Dateline: September 13, 1918: A few stories catch our eye from the papers published on this day 100 years ago. First and foremost is one which said munitions experts in Leeds were quick to put Prime Minister Lloyd George in his place after he appeared to indicate that Manchester was leading the country in the manufacture of munitions.
As the article points out: “This authority justifies to the hilt the assertion that the munitions industry as we now know it had its origins in Leeds.

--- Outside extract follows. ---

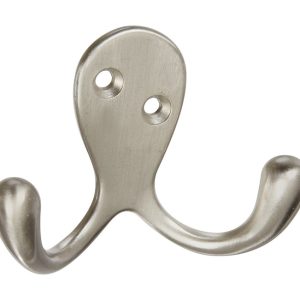 National Hardware Satin Nickel Silver Zinc 3 in. L Double Hook 1 pk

The ‘authority’ said: “It is a mistake on the part of Mr Lloyd George to date the initiative to the visit which he paid to Manchester in 1915. As a matter of fact, when [he] visited in 1915 to stimulate the manufacture of munitions, Leeds, Bradford, Halifax, Huddersfield, Keighley and Wakefield were already organised and actually at work on the production of shells. The real beginning was in Leeds.”
In the West of England, it was reported German prisoners had “gone on strike”, refusing to work with a number of conscientious objectors, who had apparently been put in the same work party as them. They stsated they did not wish to work with men who were “too cowardly to fight for their own country”. The matter was referred to the military authorities.
There was a report of a farmer dying after he accidentally ploughed through a wasps’ nest. In trying to evade the wasps, which attacked him, he fell into the plough and suffered fatal injuries.
And finally, a soldier admitted being part of the murder of a Pontefract jeweller, Mrs Rhoda Walker, who was savagely beaten and later died in a robbery attempt. The soldier, 19, confessed to being part of a two-man gang.